Ben Nicholl, Fund Manager at Royal London Asset Management, comments on the UK Debt Office’s gilt syndication announcement:

“Make no mistake about it, yesterday’s UK syndication of nominal 2073 maturity bonds, the longest gilt in issue, was not a good outcome for the UK market, the debt management office, or the UK taxpayer.

“As the market opened, expectations were for a deal size worth around £4bn. Just a few hours later, once deal books had shut, the UK Debt Management office announced they would only be looking to raise around £3.3bn. Quite simply, despite the significant rise in long dated yields over recent months, there is simply not enough demand from the market for such a long maturity asset.

“To put the year to date move into context, the bond was first issued in February this year at a price of 93.89p. Today the bond was issued at a price of 57.63p. The result has seen gilt curves steepen, and the UK market underperform global peers; a trend that may continue for the foreseeable future. With the economic picture deteriorating, and the UK government under increasing pressure to cut taxes and provide support to business and consumers, the outlook for UK bond supply looks set to worsen.
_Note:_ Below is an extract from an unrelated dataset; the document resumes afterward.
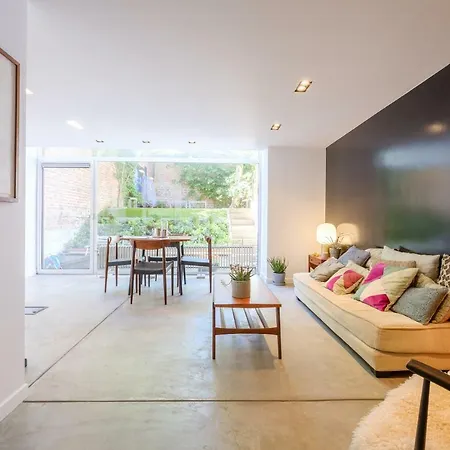 1Bd Apartment With Garden Brugmann Area-3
“Back in March, the amount of gilts that the UK Debt Management Office expects to issue this year to finance government borrowing requirements was lower than the market expected, surprising to the downside – the market had expected £145bn but it came in at £125bn. Few market participants would be surprised to see the gross number balloon higher as the year progresses.

“Add to that the central bank being criticised for being behind the curve and in denial about the inflationary challenges ahead, and one wonders who will be around to buy all the gilt supply to come. At the very least, investors should be asking the question; how high do bond yields need to rise to attract investor appetite?

“With inflation climbing towards 11%, interest rates rising, dwindling central bank credibility, and deteriorating market liquidity, it feels as if it needs to be higher than 2.5%.”


The views expressed are those of the author at the date of publication unless otherwise indicated, which are subject to change, and is not investment advice.